What a human can do now that they couldn't before: run exhaustive exploratory testing across multiple applications simultaneously, unattended. A human can click through an app and take notes, but they can't do it across ten apps in parallel, they can't do it for eight hours without fatigue, and they don't produce a structured coverage report with screenshots and video as a side effect of the work itself. A single developer can kick off a 30-minute run for a quick surface check or an 8-hour run overnight for deep coverage, across as many apps as they want, and come back to full reports in the morning.

What the AI is responsible for: every navigation decision during exploration. The agent fingerprints screen layouts to know when it's reached somewhere new, builds a navigation graph of how screens connect, parses screen content using OmniParser to annotate what it sees, and proposes test cases based on observed behavior. It also detects anomalies like slow loads, error messages, and unexpected states by comparing before-and-after screenshots of each action.

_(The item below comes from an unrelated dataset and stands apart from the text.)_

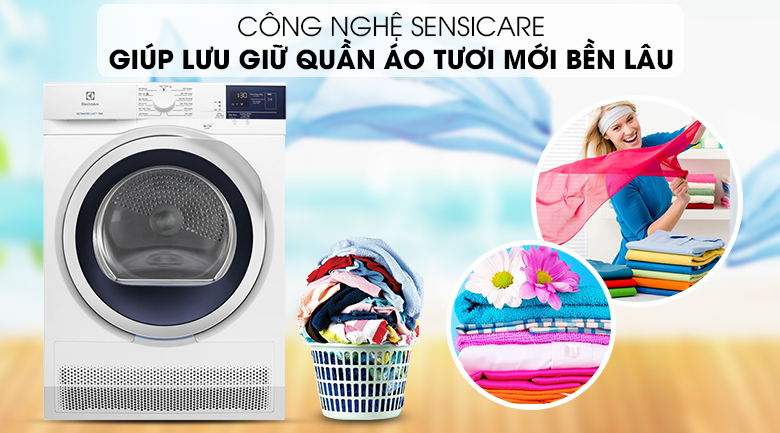 Hệ thống SensiCare giúp bảo vệ sợi vải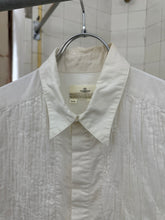 Load image into Gallery viewer, 1980s Parachute Pleated Quilted Button Up Shirt - Size M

Where the AI must stop: it cannot judge correctness or usefulness. It can tell you a screen exists and document every element on it, but not always whether that screen matters or whether an error message is expected. Proposed tests are drafts. The critical decision that must remain human is deciding which tests are worth keeping and which assertions are accurate, because that requires understanding what the product is for, what users care about, and which flows are business-critical; the agent sees structure, not meaning.

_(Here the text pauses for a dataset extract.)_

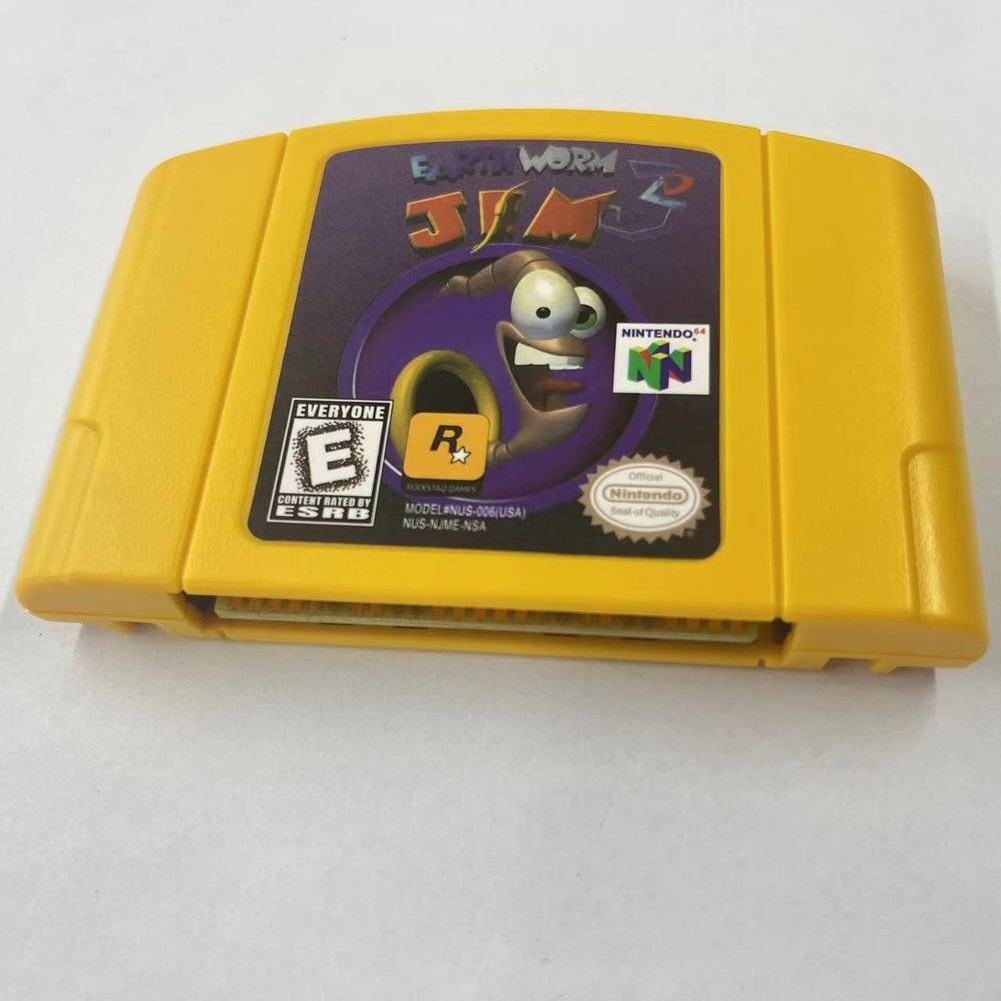 Earthworm Jim 3D – Nintendo 64 (N64) Factory sealed Rare find Limited release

What would break first at scale: state-space explosion. In more complex apps, navigation paths branch beyond what the agent can visit in any reasonable time. Pupil currently uses a greedy strategy (prioritize untested elements, prefer transitions to new screens). Beyond a certain complexity, you would need goal-directed exploration or human-guided scope narrowing to keep runs tractable. The second bottleneck is visual parsing reliability in dense or exotic UIs, where overlapping elements produce noisy annotations that degrade screen fingerprinting accuracy.